Hannah died in a wreck in January 2021 about a month after becoming engaged to Hagans, according to The Opelika-Auburn News.
Hagans repeatedly put small planter boxes with flowers on her grave, and her father repeatedly removed them.
Under Alabama law, citizens can obtain arrest warrants in municipal court under certain circumstances.
Winston ‘Winchester’ Hagans was convicted of criminal littering and ordered to pay about $300 after placing flower boxes on his fiancée’s grave since her death in January of last year
Reverend Tom Ford, the father of Hannah Ford, who died in a car crash, repeatedly removed the flower boxes before signing a warrant to arrest Hagans
Hagans (left) and Ford (right) were only engaged for a month prior to the fatal car accident
Since May 2021, Tom Ford testified, a total of 10 boxes have been placed on the grave, and he either discarded them or sent them back to Hagans.

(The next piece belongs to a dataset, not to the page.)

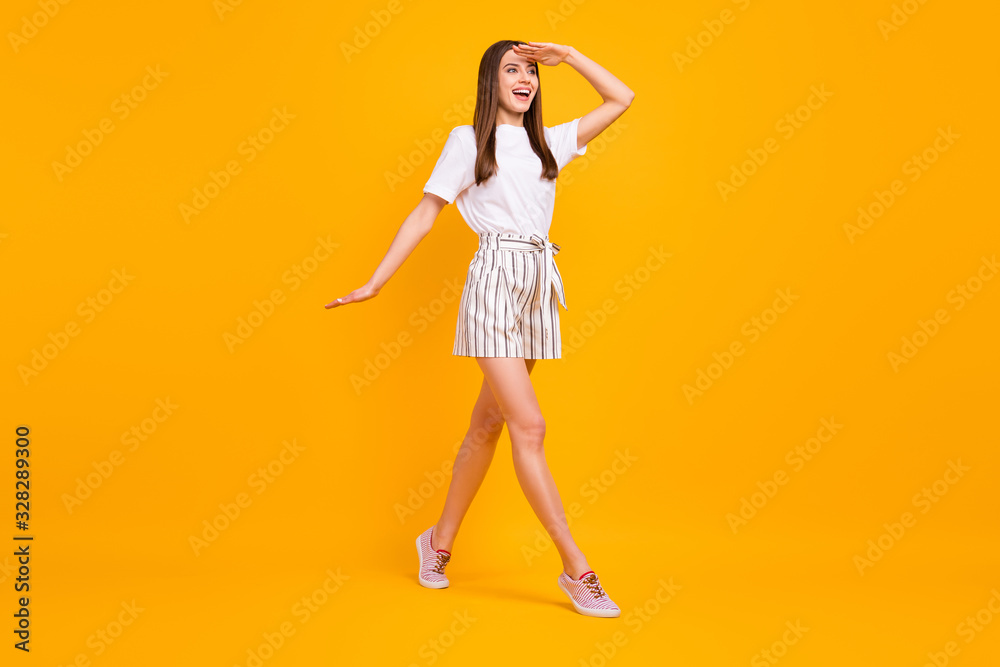 Φωτογραφία Full body profile photo of attractive funny lady walking down street enjoy sunny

‘The first box, when I saw where it was, I picked it up and it fell apart,’ Ford said. ‘It was a rotten piece of wood with some pictures on it, so I discarded it.’

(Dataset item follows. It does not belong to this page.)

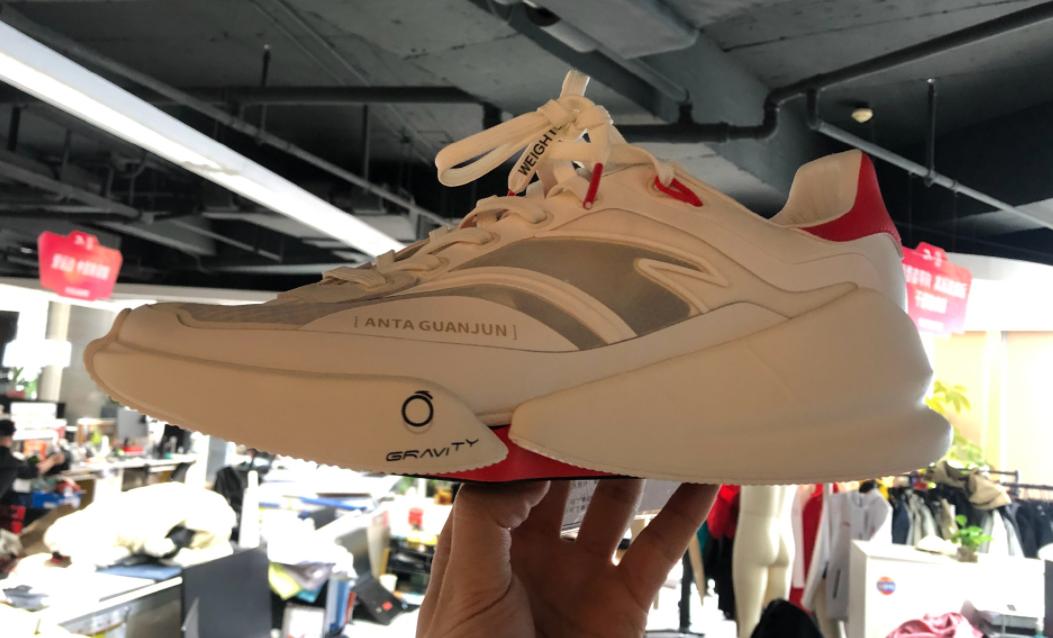 安踏2023新款网红爆款潮鞋,安踏春季2022新款撞色休闲鞋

Ford said he ‘certainly did not’ approve of the relationship between his daughter and Hagans.
The cemetery is owned by the city, and municipal prosecutor Justin Clark said regulations prohibit ‘benches, urns, boxes, shells, toys and other similar articles’ on graves.
City employee and cemetery administrative assistant Sari Card said she told Hagans that Ford didn’t want the boxes on the grave and planned legal action.
‘He said he didn’t care, that every time a box is removed he would make another one to replace it,’ she said.
Hagans made flower boxes for Ford as she preferred living flowers to ones that were already cut off to form bouquets
Hannah Ford, a Republican, had forged a career in state politics, working for Roy Moore’s 2017 Senate race as well as Scott Dawson’s campaign for governor in 2018
Hagans made flower boxes for his fiancée as she preferring living flowers to ones that were already cut and part of bouquets. He added pictures of their time spent together on the side of these boxes.
While the defense argued that flower boxes aren’t litter, Judge Jim McLaughlin, who convicted Hagans in a non-jury trial, said the boxes were ‘a clear case of violation of this deed and violation of littering statute.’
‘The box does not occur naturally in nature. It is a foreign substance. Whether it’s pretty or not is not a consideration for this court,’ he said.
The defense said it would appeal the conviction to circuit court, where a jury can hear the case.
Aside from a $50 fine and $251 in court costs, Hagans received a 30-day jail sentence that was suspended on the condition he doesn’t place additional flowers on the grave.
Hagans and Hannah Ford first met at a coffee shop in Montgomery, just short of an hour’s drive from Auburn, and connect through their Baptist faith, according to his website.
Ford’s father, Reverend Tom Ford did not approve of his daughter’s relationship with Hagans. The pair first met at a coffee shop in Montgomery and bonded over their Baptist faith
Hannah’s career aspirations lied in state politics, the Washington Post reported. She had previously worked on Republican Roy Moore’s U.S. Senate campaign in 2017, of which he lost to Democrat Doug Jones after he was accused of having sexual contact by a woman when she was only 14 years old.
Ford, who considered herself to be Republican, then went on to campaign for evangelist Scott Dawson’s campaign for governor in 2018. Dawson ended up finishing third in the primaries.
‘She may have been small in stature, but she was a giant when she walked in a room,’ Dawson told AL.com in an interview from 2021. ‘She knew how to deal with senators, members of the House, judicial candidates.’
In her obituary, Hannah’s family shared she had a ‘kind heart, happy attitude, great wisdom and many talents.’